Open Rabia-Noureen opened 7 years ago
Is it necessary for the newly added data set to be in either CoNLL-2003 or BRAT format?
Yes. Recall that BRAT format is the same as plaintext when there is no annotation.
Will a simple amazon review data set file be able to work fine?
What's the format?
The Data set is a simple text document same just like yours so it means i can use it.

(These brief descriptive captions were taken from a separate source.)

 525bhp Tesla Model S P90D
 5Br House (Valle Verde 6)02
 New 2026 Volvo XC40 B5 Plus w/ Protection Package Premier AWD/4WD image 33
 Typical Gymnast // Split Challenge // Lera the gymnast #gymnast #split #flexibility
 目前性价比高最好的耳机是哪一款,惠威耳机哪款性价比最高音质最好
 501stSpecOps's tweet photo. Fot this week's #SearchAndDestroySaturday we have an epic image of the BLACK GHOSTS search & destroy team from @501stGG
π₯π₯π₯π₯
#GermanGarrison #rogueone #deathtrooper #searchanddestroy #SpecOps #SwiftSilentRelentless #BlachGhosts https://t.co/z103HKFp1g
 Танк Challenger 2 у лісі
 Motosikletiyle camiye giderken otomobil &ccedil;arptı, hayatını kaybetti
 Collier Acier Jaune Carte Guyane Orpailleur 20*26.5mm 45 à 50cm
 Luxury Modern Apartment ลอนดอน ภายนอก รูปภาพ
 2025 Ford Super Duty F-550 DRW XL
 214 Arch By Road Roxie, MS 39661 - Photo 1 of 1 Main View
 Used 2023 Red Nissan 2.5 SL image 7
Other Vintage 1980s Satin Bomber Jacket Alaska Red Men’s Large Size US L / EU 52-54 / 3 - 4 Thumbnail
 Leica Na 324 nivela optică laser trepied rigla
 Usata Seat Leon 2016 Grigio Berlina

But the data set is not divided into 3 parts test, valid and train(its a single file) so is it fine?
To perform NER on some plain texts using a pre-trained model:
python3.5 main.py --train_model=False --use_pretrained_model=True --dataset_text_folder=../data/example_unannotated_texts --pretrained_model_folder=../trained_models/conll_2003_en
Okay sir i will try to run my data set thanks
Do i have to make changes in the code about folder and file names for using a new unannotated data set file other than those provided in the deploy folder? If it can be done in the cmd kindly provide that script.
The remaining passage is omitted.